Соломония пристально всмотрелась в его лицо.
— И я тебя помню, ты ведь татарским именем величаешься.
— Верно, Кудеяром кличут меня.
— Рада видеть тебя, добрый молодец, возмужал ты, раздался в плечах, красавцем стал. А что у вас за дело к боярину Шуйскому? Слышала, будто он злодей из злодеев.
— Верно, матушка. Явился боярин в своё село Веденеево и повелел привести к нему на ночь мою невесту. Я в ту пору больным, в беспамятстве лежал. Так боярин не только сам Олькой попользовался, но и слугам своим её отдал. Не вынеся позора, невеста моя повесилась.
— Слышь, Евфимия, что за мерзостный человек — Андрей Шуйский!
— Слышу, Софьюшка, и горячо верю: жестоко покарает Господь Бог этого злодея.
— Вот мы и решили вместе с Олексой разыскать в Москве злодея Шуйского и отомстить ему за смерть Ольки.
Таифа восторженно смотрела на Кудеяра.
— Нехорошо, добрый молодец, самосуд вершить.

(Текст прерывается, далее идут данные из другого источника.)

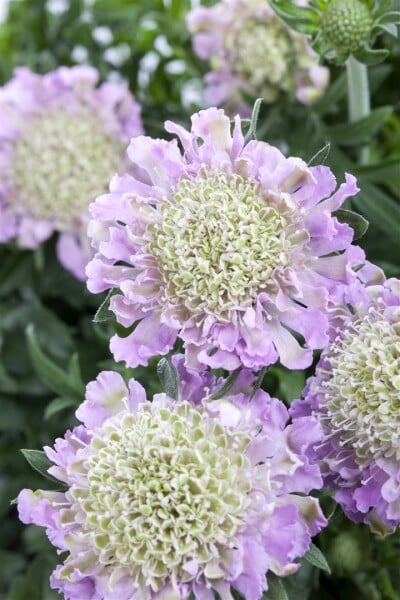 Scabiosa columbaria Pink Mist 11 cm Topf - Größe nach Saison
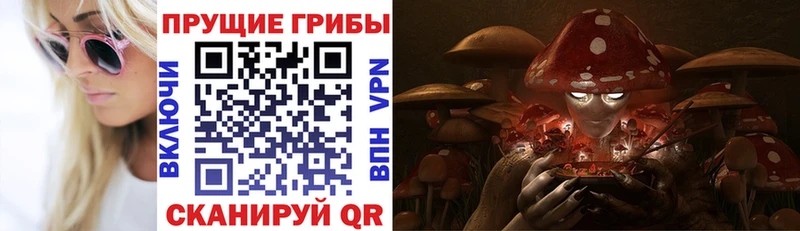 Галлюциногенные грибы ЛСД Звенигород
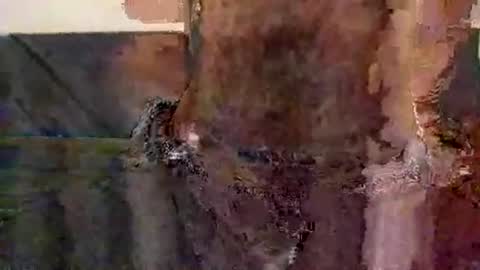 perfectFTM online show from November 12, 8:52 pm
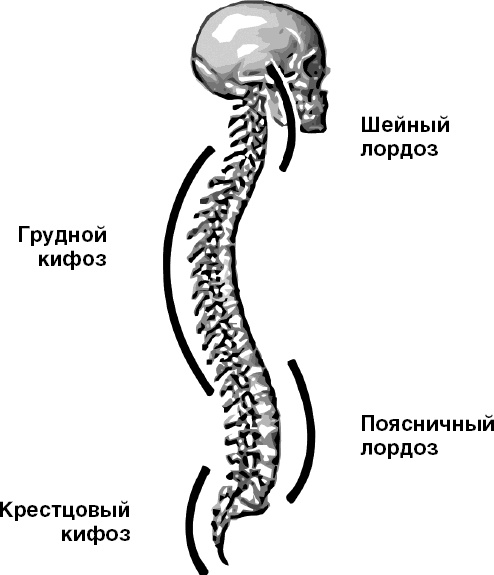 Система Осьмионика. Самомоделирование осанки. Коррекция верхней половины тела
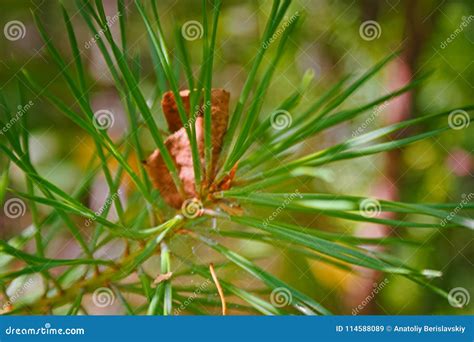 Pine needles close-up stock image. Image of backdrop - 114588089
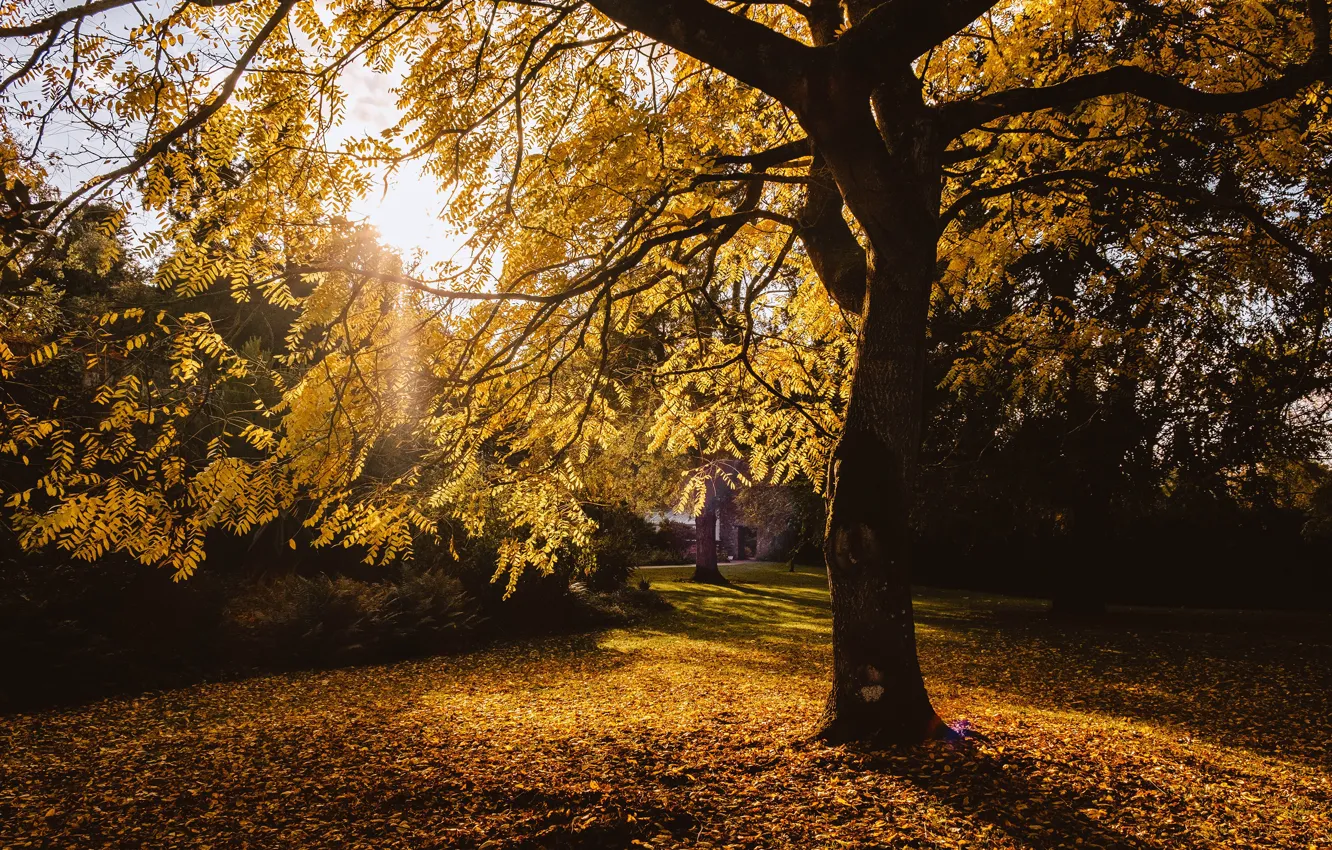 Фото обои осень, свет, ветки, парк, дерево, листва, золотая осень, раскидистое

Я на вашем месте разыскала бы в Москве юного государя Ивана Васильевича да рассказала бы ему, какое зло учинил боярин Андрей Михайлович Шуйский, он, глядишь, и покарает его.
— Не согласна с тобой, Евфимия: государь мал и не сможет противостоять злым помыслам Шуйских, — возразила Соломония.

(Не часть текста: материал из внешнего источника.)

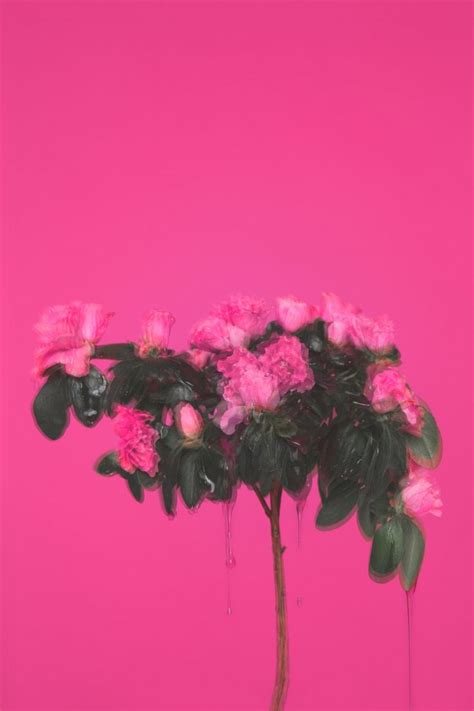 Check spelling or type a new query. aestheticgoddess: "KATARZYNA PAREJKO " | Hot pink ...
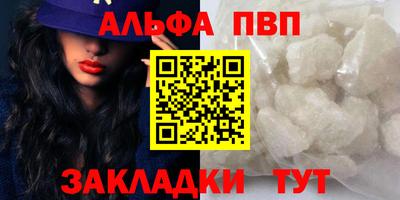 индика Гатчина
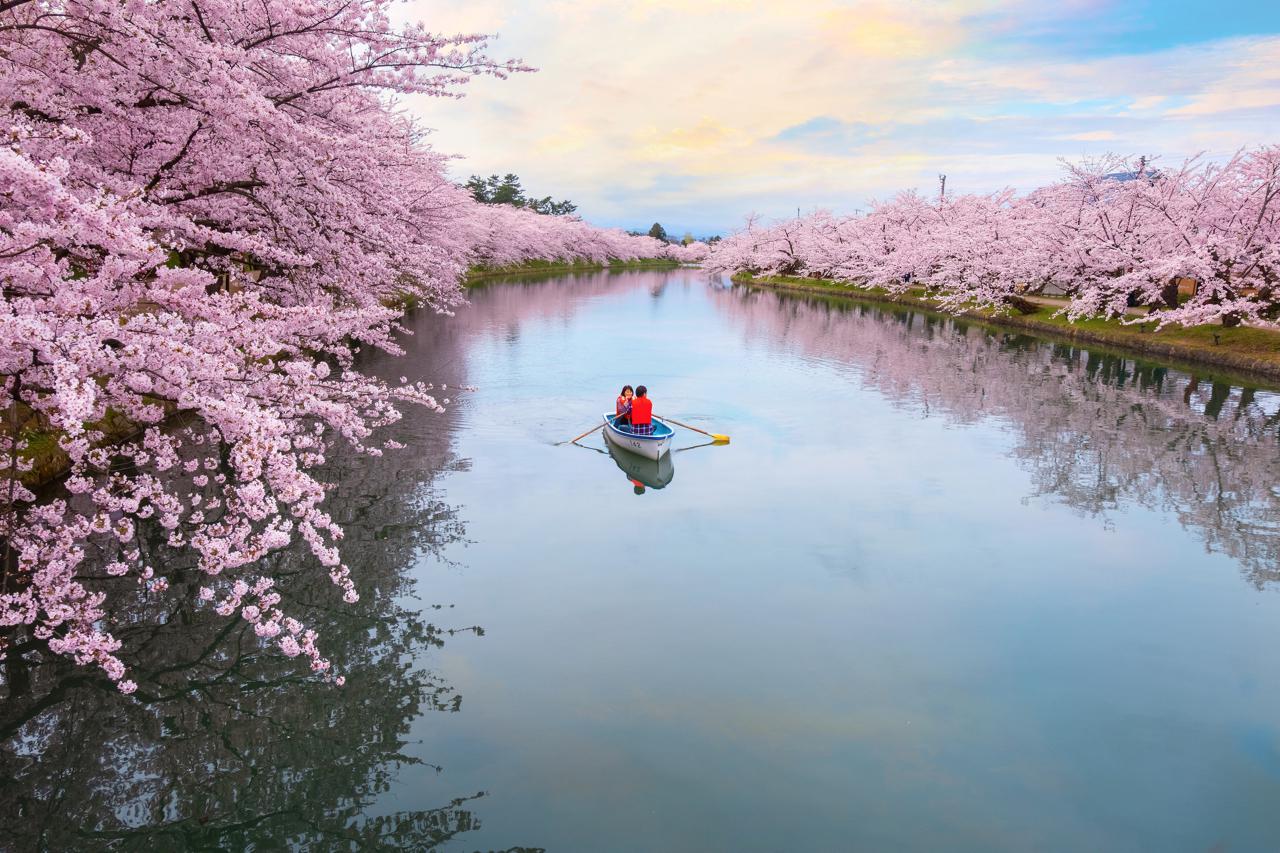 Six Surprising Places to See the Cherry Blossoms in Japan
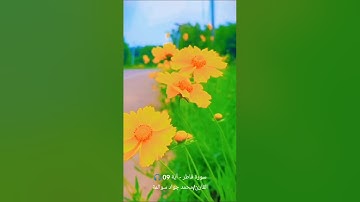 سورة فاطر - آية 09: القارئ/محمد جواد سوالمة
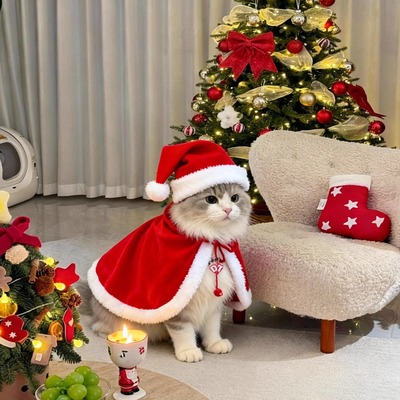 猫咪衣服冬装加厚保暖圣诞节披风斗篷宠物专用拍照道具2025新款
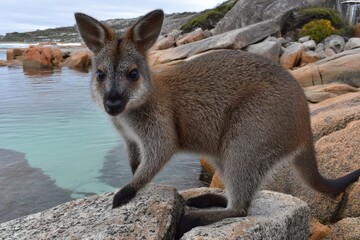 Naklejka premium Wild wallaby exploring rocky shore near calm water in a coastal setting during daytime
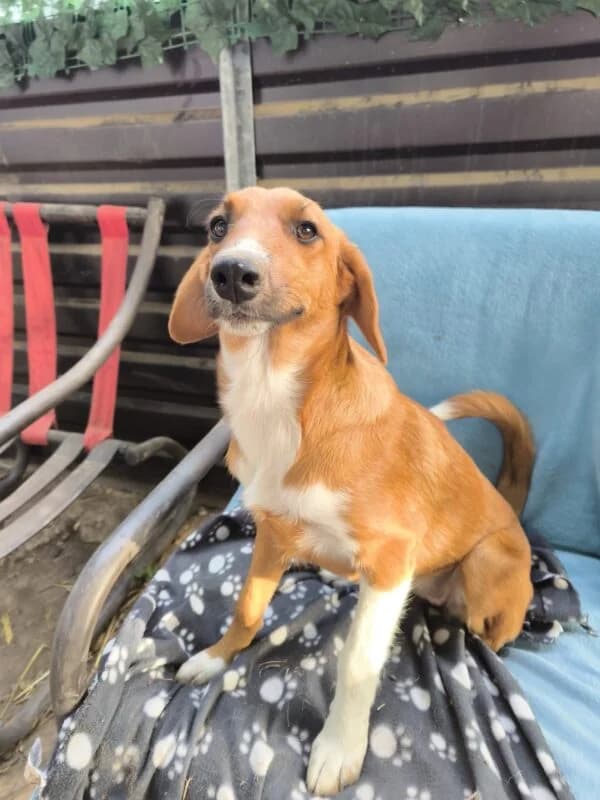 Ella, puppy Mixed Breed for adoption at Ankerhunde e.V., Novi Grad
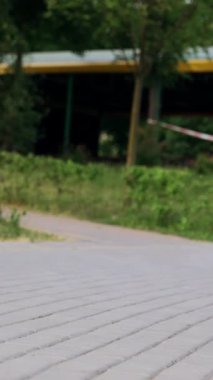 Küçük çocuk dışarıda durmuş asfalt yolda yürüyen güvercini izliyor. Mutlu bebek yaz parkında koşuyor. Dikey video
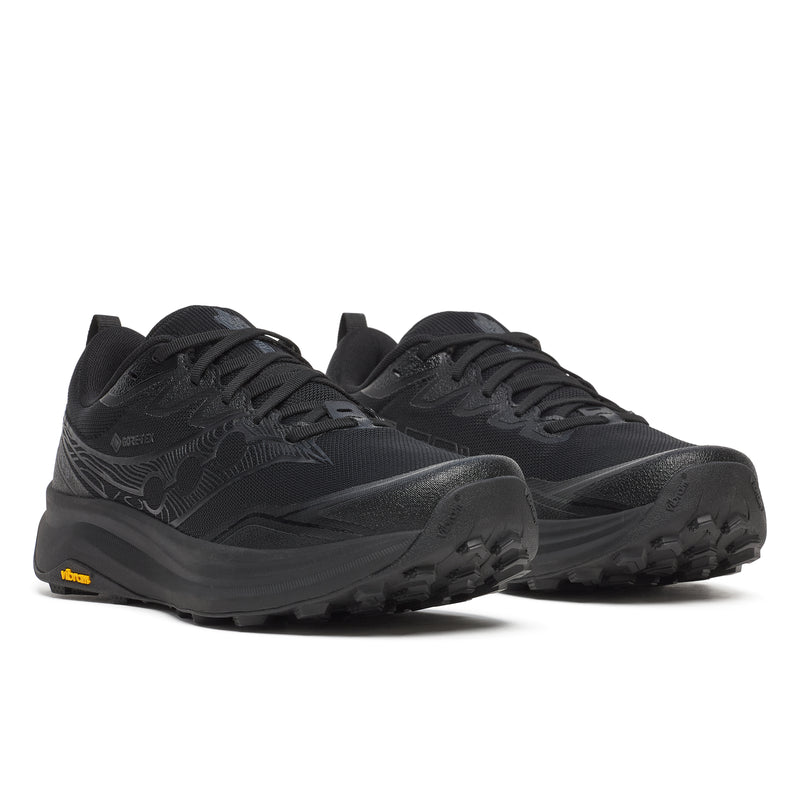 Men's Peregrine 16 GTX (102 - Triple Black)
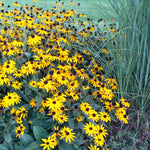 Rudbeckia fulgida Goldsturm Black Eyed Susan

— Да разве нас допустят до государя? — усомнился Олекса.
— До самого государя, может, вы и не дойдёте, — согласилась Евфимия, — так хотя бы его верным слугам рассказали о зверствах боярских.
— А вдруг они людьми боярина Шуйского окажутся?

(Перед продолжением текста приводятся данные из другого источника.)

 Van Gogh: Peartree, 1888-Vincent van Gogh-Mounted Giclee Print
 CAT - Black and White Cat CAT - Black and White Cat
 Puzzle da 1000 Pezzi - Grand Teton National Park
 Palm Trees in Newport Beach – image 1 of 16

На это старушка не нашлась что сказать.
— Сколько тебе лет, Кудеяр? — неожиданно спросила Соломония.
— Шестнадцать, матушка.
— И моему сыну Георгию об эту пору было бы столько же.
Нечто неодолимое влекло её к этому ладному пареньку, чем-то он походил на Василия Ивановича, когда тот был совсем молодым.
— Благословите нас, матушки, в путь-дорогу.
— Будьте счастливы, добры молодцы, да поможет вам Господь Бог.
Соломония, а вслед за ней и Евфимия перекрестили ребят.
И только когда Кудеяр с Олексой скрылись в вечерних сумерках, Соломония вдруг запричитала:
— До чего же я глупая стала! Почему не спросила Кудеяра, кто его родители? А вдруг он и есть моё детище? Может, он до сих пор крест, мной подаренный, носит? Дура я, дура!
Обеспокоенный долгим отсутствием Кудеяра, отец Андриан вышел из дома и медленно направился к Каменке. Навстречу ему по тропинке бодро шагал сын Лукерьи и Фёдора Гришутка — рослый улыбчивый парень с чистым лицом и ясным взглядом серых глаз, Андриан, признав его, спросил:
— Гриша, не видел ли ты Кудеяра?
— Не только видел, отец Андриан, но и беседовал с ним. Он тут дружка своего веденеевского Олексу повстречал и вместе с ним устремился в Москву. Тебе же они велели сказывать, чтобы возвращался в скит, дескать, не монашеское это дело мстить Андрею Шуйскому. Благословили их в путь вон те монахини.
Андриан глянул в ту сторону, куда указал рукой Григорий, и тотчас же признал в одной из монахинь Соломонию. На душе стало спокойно: уж коли мать благословила сына в дальнюю дорогу, значит, так тому и быть, такова воля Господа Бога.